The Minister, who called a
press conference at his offices in Kingston, expressed
alarm that the collapse of a rotting pole in the Ferry
swamp, which links the Tredegar and Duhaney substations,
could have caused an islandwide shutdown of the system.
"This is an indication of
ineffective, basic maintenance practices by the company
as identified by the ministry's technical team,"
Mullings said. At
approximately 6:10 pm on Wednesday the island was
plunged into entire darkness, triggering panic and
frustration among householders and traffic snarls at
major intersections across the capital.
Full power was returned four
hours later. In
July 2006, the country was plunged into a similar
unscheduled, islandwide power outage that resulted in
the then Government, not satisfied with the reasons
given by JPS, inviting a team of Canadian professionals
to probe the cause.
The consultants were also
asked to propose long-term corrective measures which
should be implemented by JPS to prevent another
islandwide or widespread power blackout.
But in August 2007, the
island experienced another extensive outage causing
customers in several parishes to suffer inconvenience.
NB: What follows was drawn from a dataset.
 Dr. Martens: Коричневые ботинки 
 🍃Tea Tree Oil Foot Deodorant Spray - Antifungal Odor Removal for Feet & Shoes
Minister Mullings said that
had the company - in which Japanese firm Marubeni
acquired a majority stake last year - acted swiftly on
the OUR recommendations made in 2006, Wednesday's
blackout would not have occurred. He also expressed
disappointment that there was no effective monitoring by
the OUR. The
Minister called on the OUR to effectively monitor JPS's
performance of its obligations, and where necessary,
impose requisite sanctions.
He said he was alarmed that
the JPS took a decision that rather than updating the
existing system to safeguard against these eventualities
subsequent to 2006, the company elected one year later
to commence procurement of a new system.